Innovative approach to primary care education.

CoEPCE trainees had numerous reasons for joining the program; however, commonalities were immediately evident. First, nearly all the IM residents and NP fellows remarked on, in their words, “the cutting-edge” nature of the CoEPCE and how it allowed them to gain advanced training in outpatient clinical care. To illustrate, one PGY1 intern remarked,

I made up my mind during my interviews for residency that I wanted to make sure I had a very solid, positive, inspiring experience with primary care, and I think this just perfectly fits the bill for that.

A PGY2 medical resident similarly reflected:

I thought there was a lot of thinking outside the box.… I’m interested in medical education and I liked the very unique, group-taught, self-taught, self-learning that was happening here in terms of how they think about teaching each other.

Lastly, a PGY1 valued “even just the structure [of the CoEPCE]; the message of its protected time” for outpatient primary care.

The opportunity for additional training.

NP fellows also reported another reason for joining the CoEPCE. During preprogram interviews, they all discussed the need for additional education and support. Although the medical residents appreciated the opportunity to improve their knowledge base and learn more about primary care, NP fellows saw the CoEPCE experience as vital to their professional development. One fellow stated:

I knew that I wanted to do some kind of residency program because I knew that I didn’t want to just go out and practice. Typically … as far as nurse practitioner residencies go … they don’t really exist.

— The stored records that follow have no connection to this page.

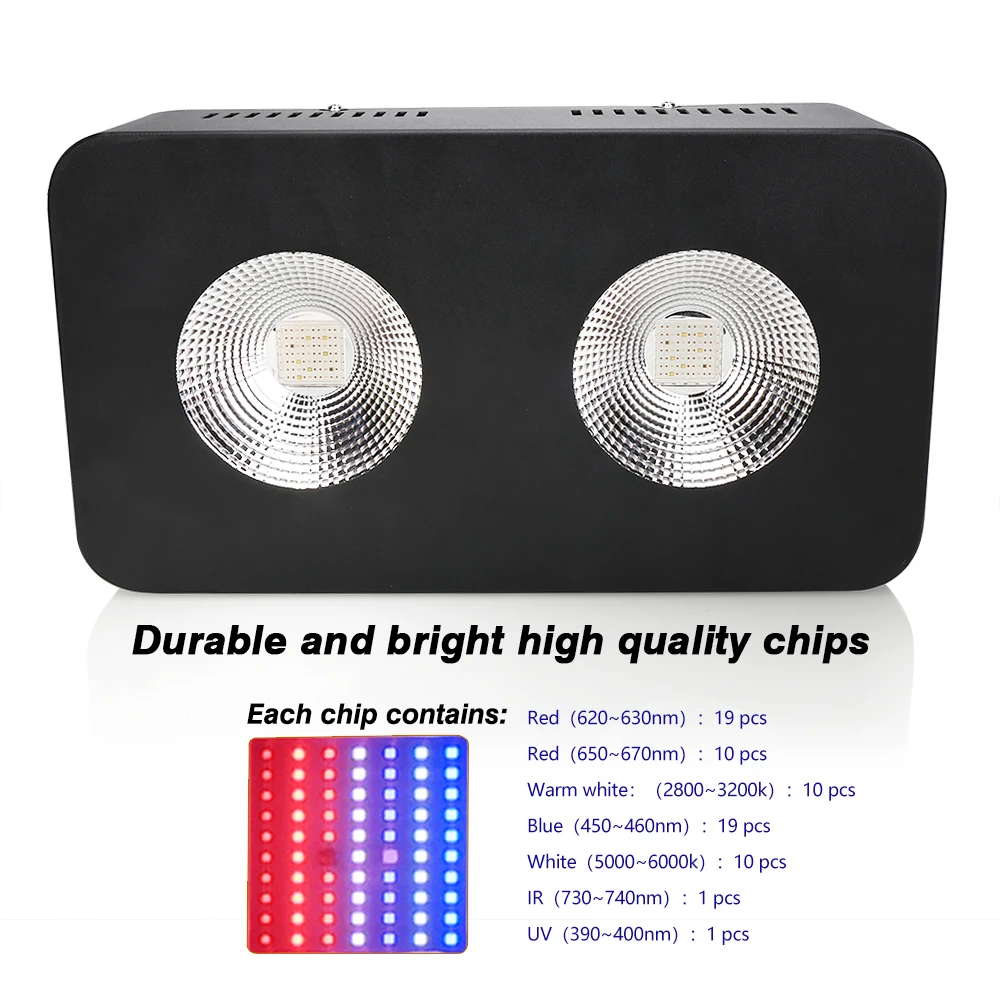 Лампа для выращивания растений LED Full Spectrum мощностью 500 Вт для гидропоники в помещении, роста овощей, цветения и растения в теплице.
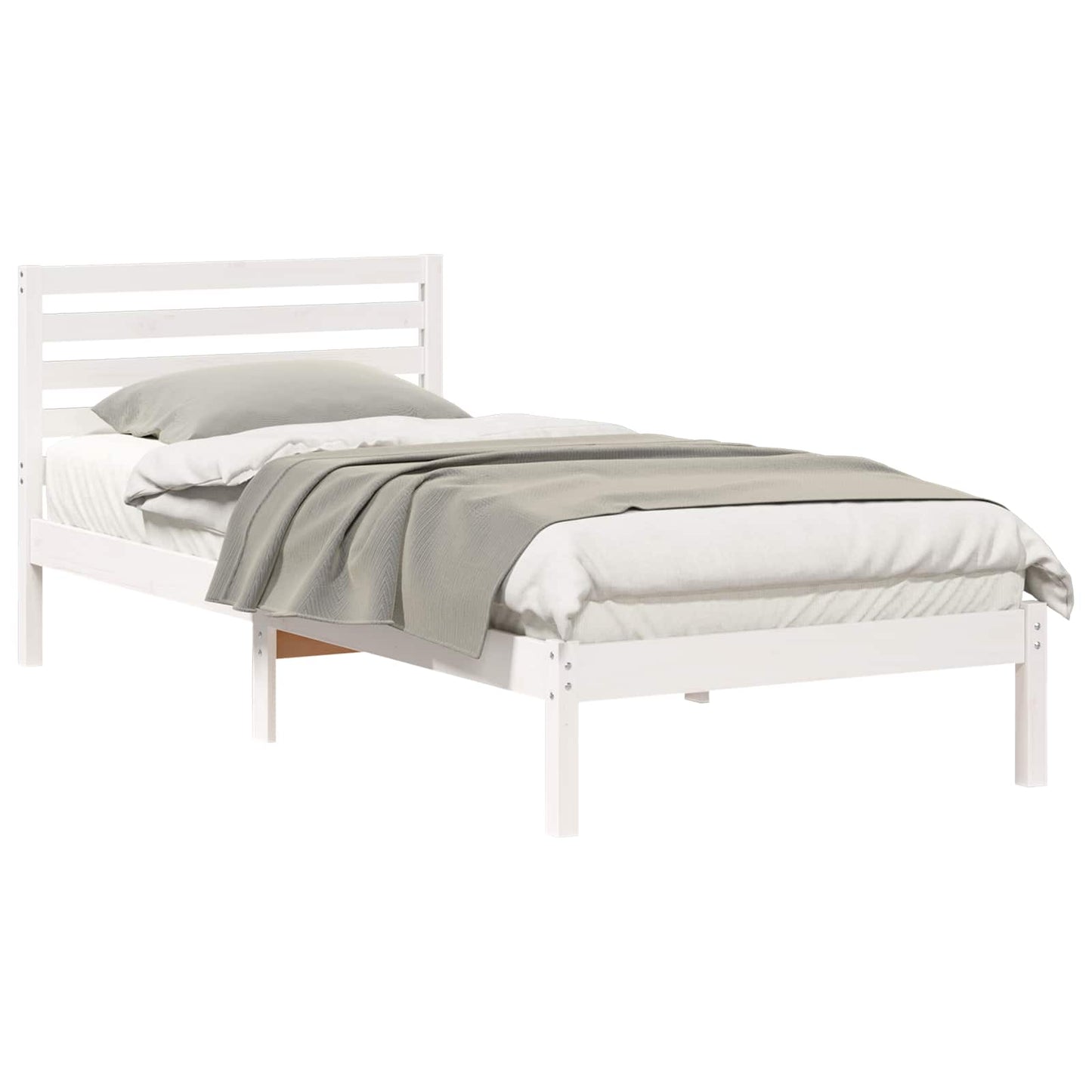 Bedframe met hoofdeinde Wit 100 x 220 cm Massief grenenhout is nu te koop bij PeponiXL, paradijselijk wonen!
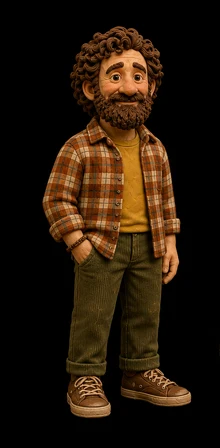 A claymation character sheet: a bearded musician in a checked shirt and green corduroy trousers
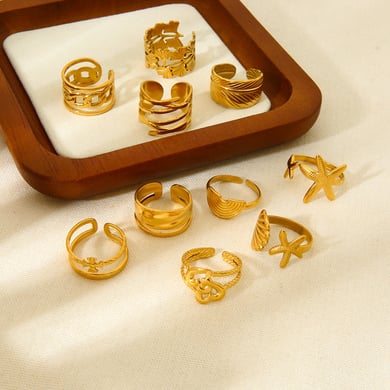 Fashion Collection Starfish Goldtone Stainless Steel Women's Ring h5 Picture2
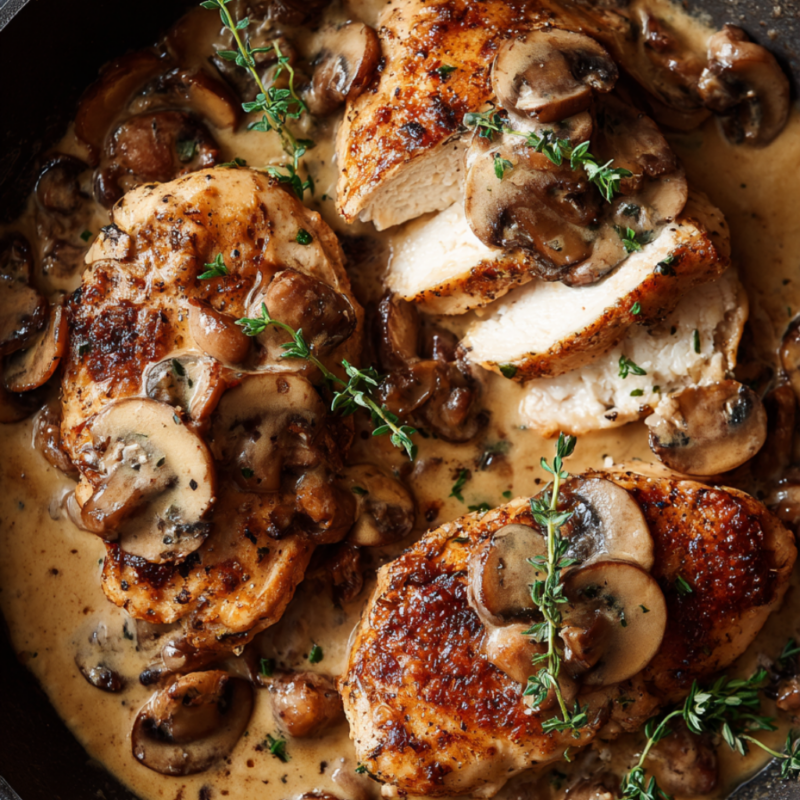Pan-Seared Chicken with Creamy Mushroom Sauce Recipe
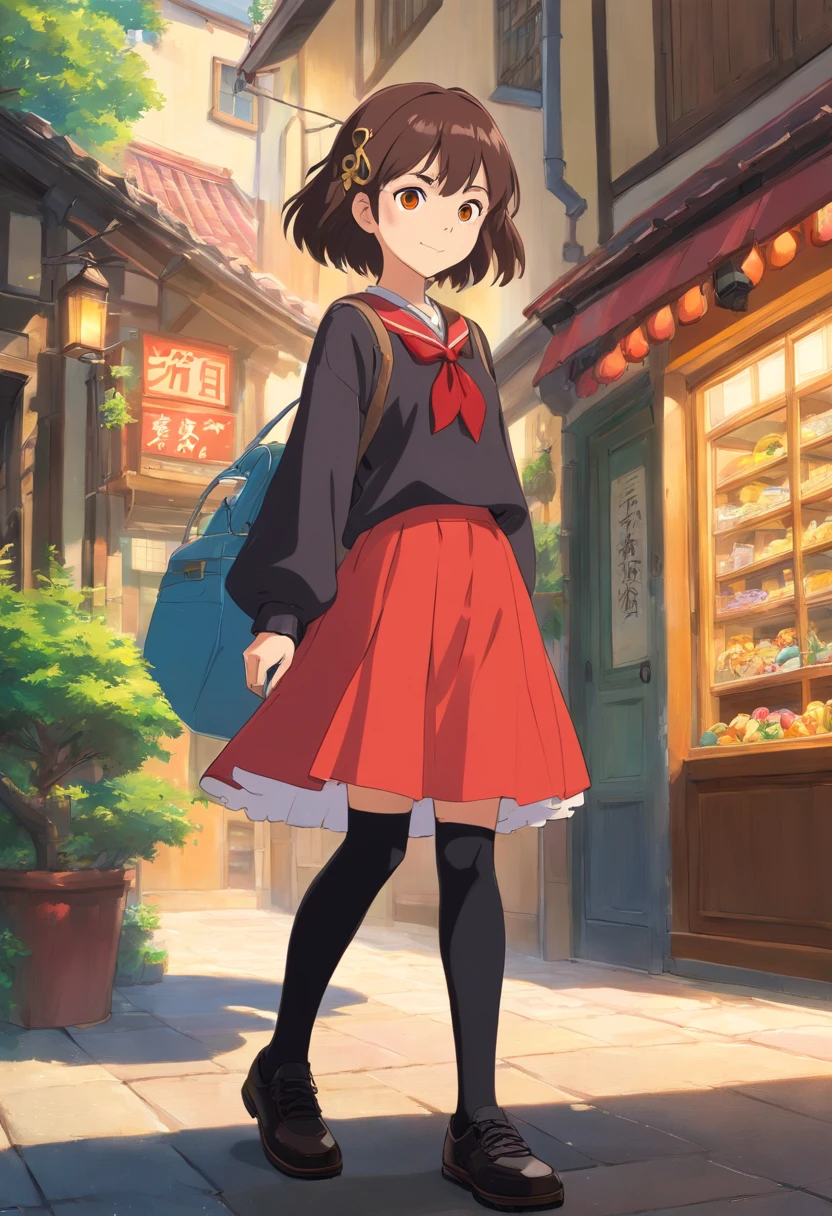 personagem de anime; olhos vermelhos; cabelo loiro curto com um ornamento redondo preto com uma borda dourada e uma estrela dourada de cinco pontas no centro; capuz amarelo com uma estampa do Smile. Black skirt and black knee high socks with school shoes.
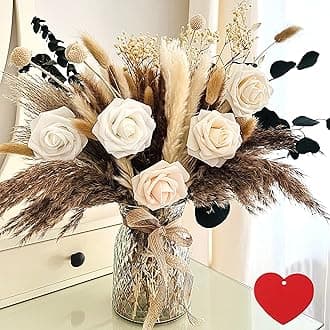 Artificial Flowers In Vase For Dining Table Centrepiece, Pampas Grass With Vase Included For Living Room Bedroom Decor, Artiticial Flowers Prime Delivery Aesthetic Room Decor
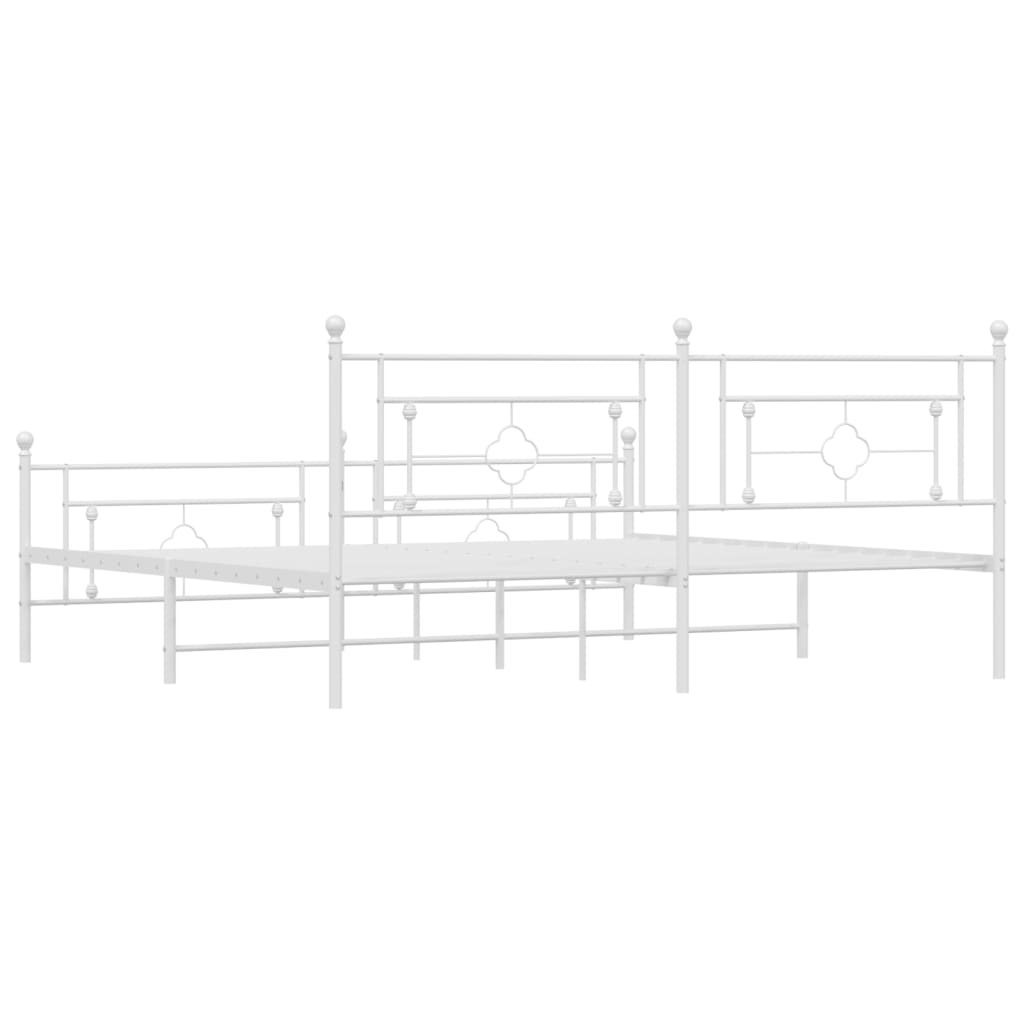 Bedframe met hoofd- en voeteneinde metaal wit 193x203 cm is nu te koop bij PeponiXL, paradijselijk wonen!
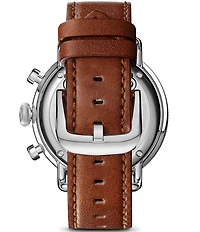 SHINOLA Men's Canfield Chronograph Brown Leather Strap Watch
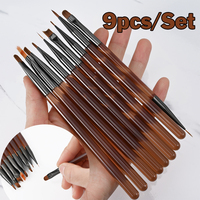 9pcs/Set Nail Brush Liner Stripe DIY Acrylic Painting Drawing Carving Pen UV Gel for Nail Art Design Tip Display Manicure Tools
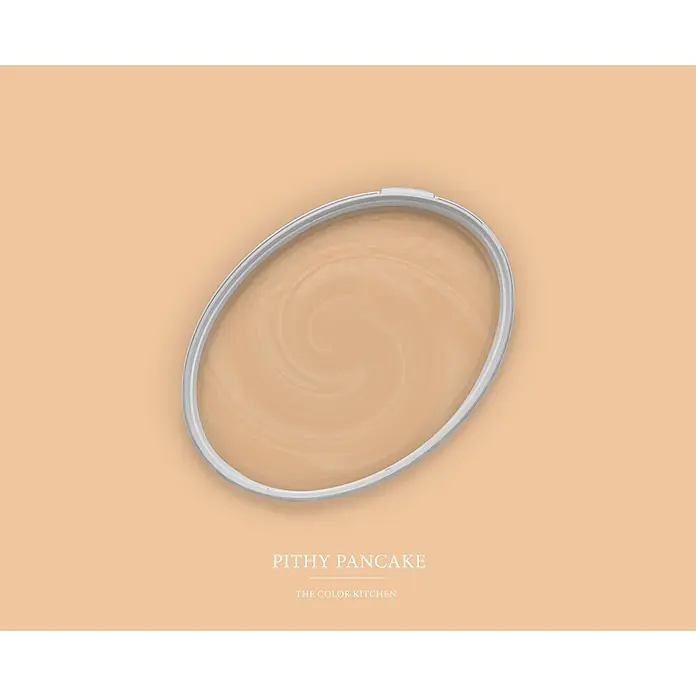 Livingwalls Wandfarbe Beige Pithy Pancake 5009 2,5l - Matt, 2,5 l - Offener Farbtopdeckel gefüllt mit hellbrauner, cremiger Farbe, 'Pithy Pancake' von The Color Kitchen.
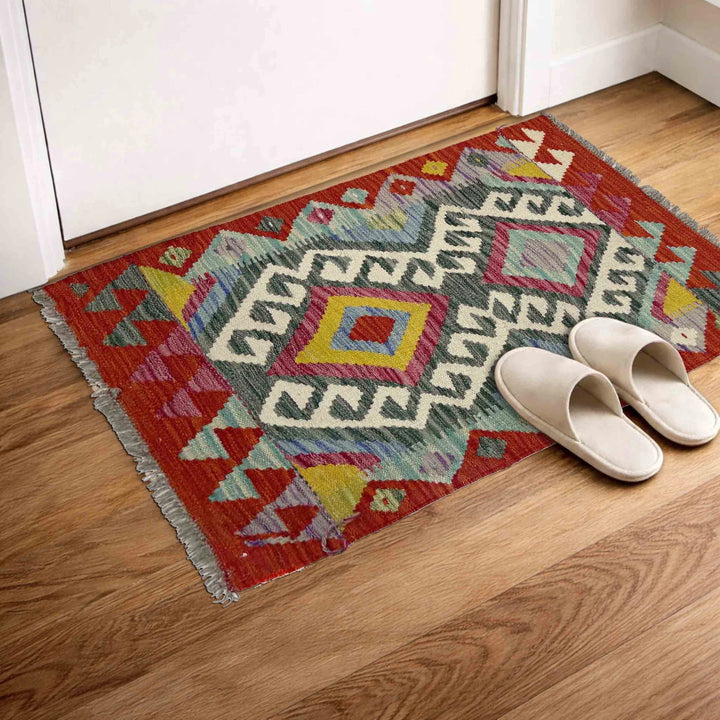Multicolor Afghan Vegetable Kilim Rug 2' 2" x 2' 10" Flat-Weave | No. AL46462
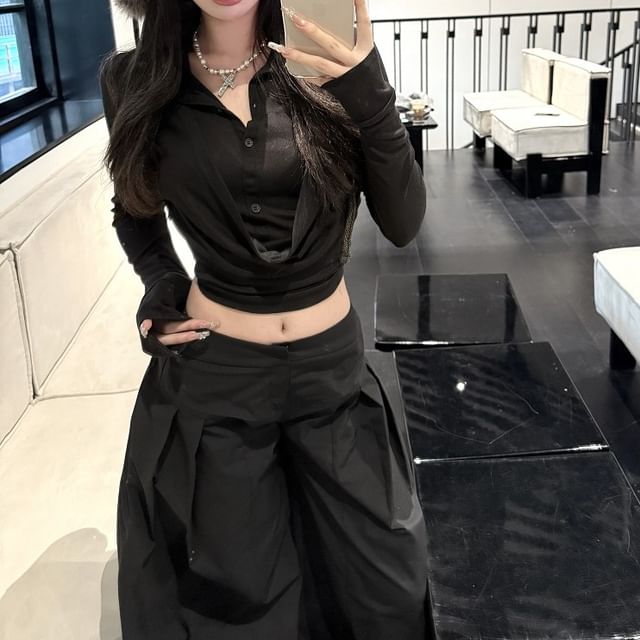Leg / Collar Long-Sleeve Wide Inverted Plain Pleated Pants Low Rise Cropped Tee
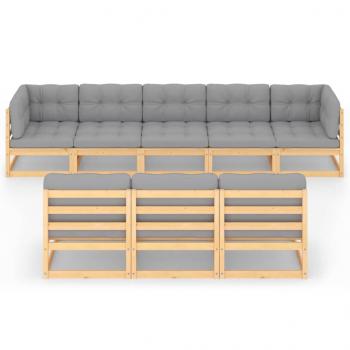 8-tlg. Garten-Lounge-Set mit Kissen Massivholz Kiefer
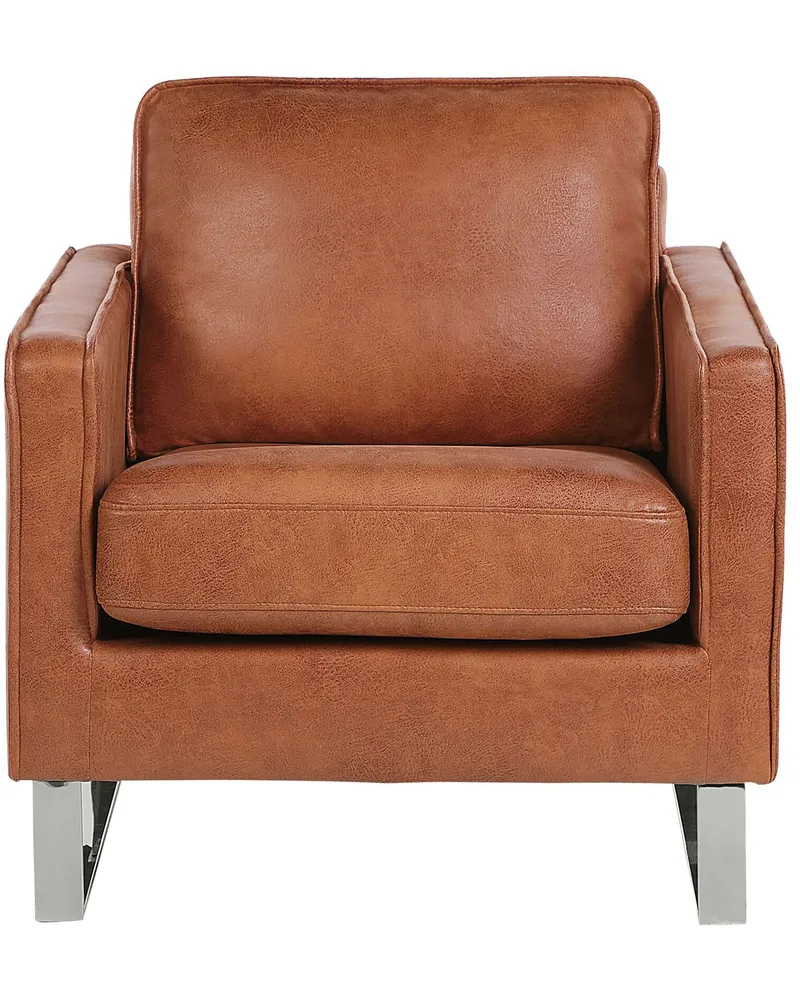 Armchair VIND Faux Leather Golden Café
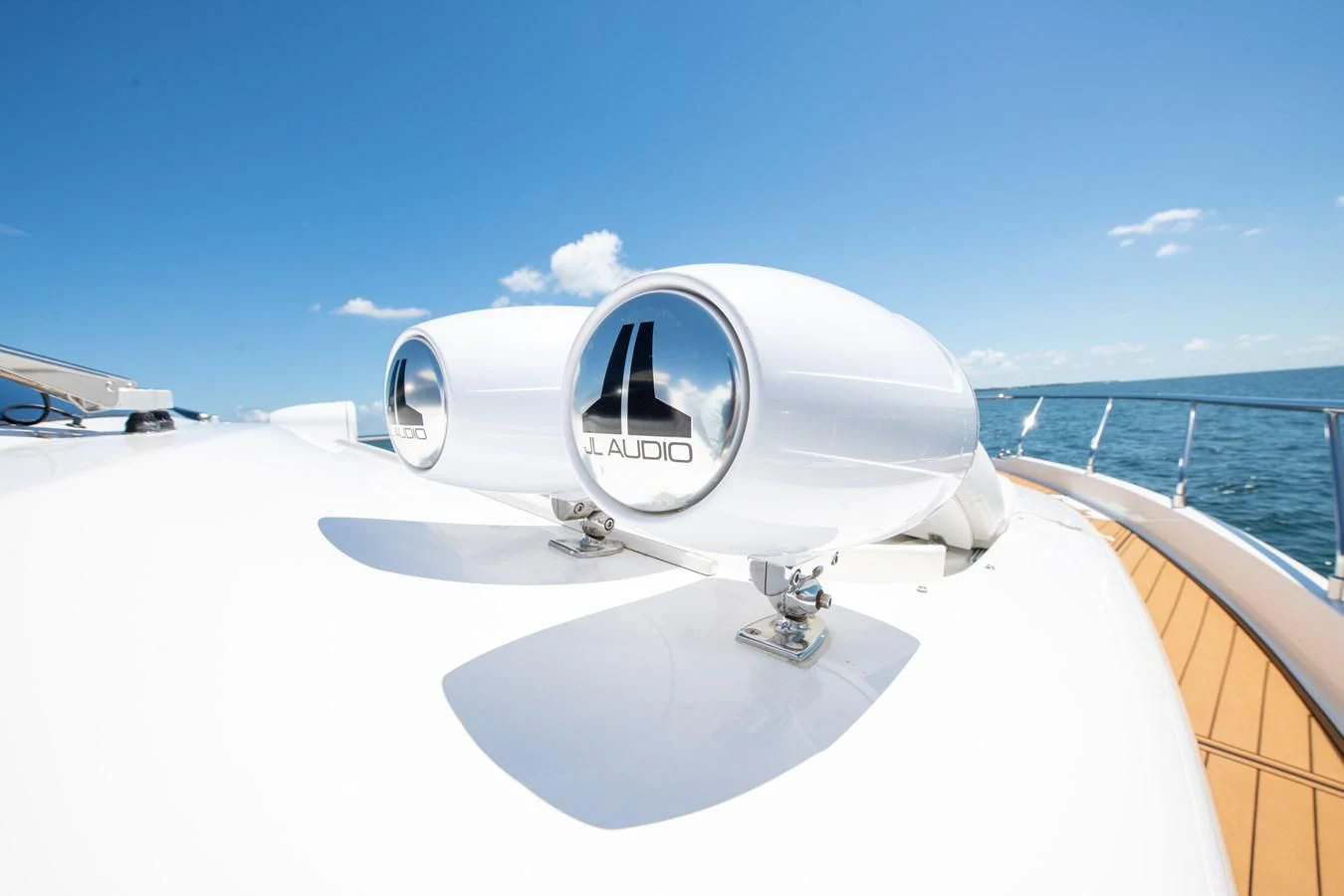 a white satellite dish on a white surface aboard HOPE Yacht for Sale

Another NP fellow commented: “It’s so much more than you would get even from other rotations, so I was like, of course, I need to do this. How can I not?” Still another NP fellow reflected:

Well, I think it’s better than what I could have done. Like going in to private practice and then you’re expected to do this and I’m sure you’d have some type of orientation but it’s almost like […] you’re thrown in the pool.

Desire for interprofessional experience.

Trainees—NP fellows and medical residents alike—also joined the CoEPCE because of a desire to immerse themselves in interprofessional teams. They wanted to be part of a group unlike any they had been in before. When she joined the program in 2011, one PGY1 resident commented, “The fact that I will get to interact on a more professional level with people from other disciplines was more exciting because that’s something you don’t really get otherwise.” Another PGY1 said that “having to talk, deal with other people with different specialties/disciplines [is] just actually rare, unique.” A third reflected:

My perspective as a [medical] student was that residents often just interacted with residents but I feel like once you go into a private practice or once you become an attending, you spend less time interacting with your peers. Doesn’t mean you don’t interact with people in the same profession but you really do spend more time actually getting to know the nursing staff, getting to know the support staff, and trying to work together.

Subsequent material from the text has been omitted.